It was in her nature, therefore, to agree to have Prince Ogun as her guest and to help him take his throne.  During Prince Ogun’s first night at the hut, the Royal army raided the market neighbourhood, searching possible hideouts, including Emotan’s hut.  He was invisible again.  As soon as the army moved their search from the hut to other areas in the vicinity, Ogun sneaked out, avoiding the path of the army, and headed straight for the palace where he killed his brother, Oba Uwaifiokun.  The news of his action soon spread around the city.  Ordinary citizens were supportive of his action, insisting that it was Ogun’s right to do what he did and expressing joy and hope that the tragedies of the recent past would soon end because justice had prevailed. 

Emotan sent word to Ogun to stay put in the palace and consolidate his hold while she continued spiritual work outside to win empathy and love for Ogun.  Within a few days, the Edion’isen had come round in support of Ogun, eventually crowning him as the Omo N’ Oba Uku Akpolokpolo, Oba Ewuare.  Iha divination’s title choice of ‘Oworuare,’ alias Ewuare, could not have been more apt because it means, after the heat, the cooling effect of rain.

Oba Ewuare appointed Emotan as the Iyeki (that is the leader of the authorized Ekpate guild) tasked with security matters in the market and with enforcing market rules.  Emotan died not too long after Ewuare’s ascension, so the Oba decreed that she should be buried in her hut.  Later the grave was marked with an Uruhe tree and her deification as the conscience of justice was ordered by the king.  Every celebratory procession in Benin pays homage to the burial site.  The first Uruhe tree (marker) survived for some three hundred years before it fell.  The replacement Uruhe tree survived for about one hundred and fifty years before an Iroko tree was planted to support it.  A severe storm fell both trees on their, around one hundred years’ anniversary together.  Oba Akenzua II, in cooperation with the British Colonial authorities commissioned in 1954, a life size bronze statue of Emotan as a young woman, sculpted by Mr.
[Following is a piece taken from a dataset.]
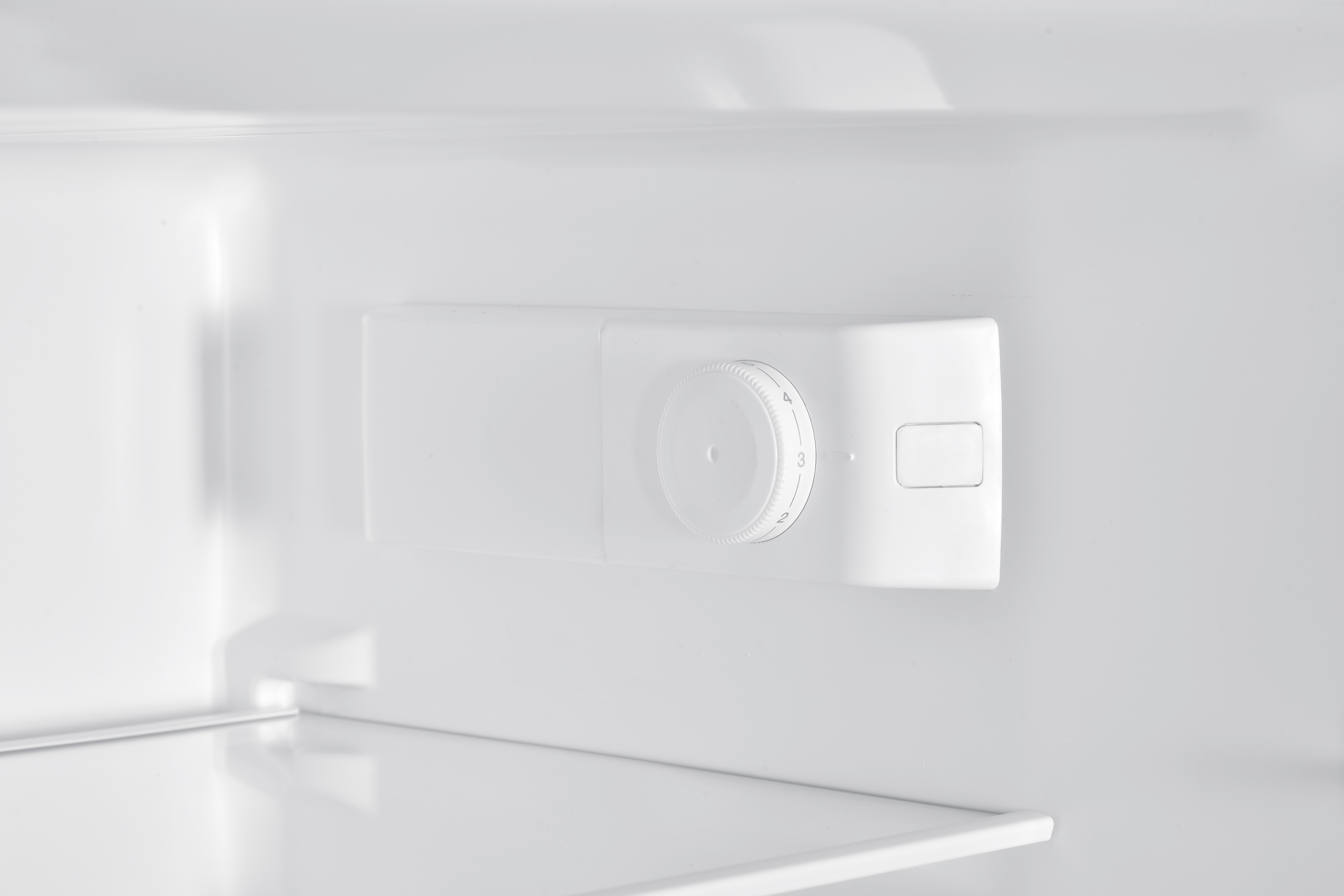 Weißer Kühlschrank-Temperaturregler mit Zahlenskala an der Innenwand.
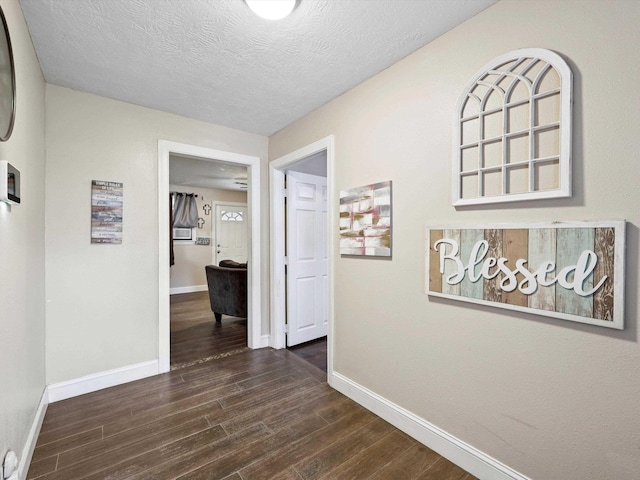 4015 42nd St, Port Arthur, TX 77642 - corridor featuring dark wood-style flooring and a textured ceiling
John A. Danford, in his Chelsea, London, studio in 1951, from a miniature model cast by Igun Street artists.

Oba Ewuare, in continuation of the fulfillment of the promises he made to reward those who helped him win the throne, installed Azuwa as the ‘Iha man mwen’ of Igun, meaning the Ihama of Igun.  Oba Ewuare bought the corpse of Edo from Ogieva and had it exhumed.  He gave the servant posthumous freedom and ordered his reburial underneath the altar of Ukhurhe Edion at the Aro Edun, the entrance to the palace’s inner tower, an ultimate place of honour.  Then he invited the people of Ubini to join him in honouring a bondsman who gave his life for him to live.  He changed the name of the city, language and kingdom, to Edo.  This was later expanded to Edo O’Evbo Ahire, meaning Edo the city of love, in appreciation of Edo’s love that saved young Prince Ogun’s life and gave Edo kingdom her greatest king.

The present day elegant ceremonial costumes of the kings and chiefs of Benin originated from Ewuare’s reign.  Ewuare restored the annual cycle of royal ceremonies, the most important ones being Ugie Erha Oba, in honour of royal ancestors and Igue, to strengthen the mystical powers of the king.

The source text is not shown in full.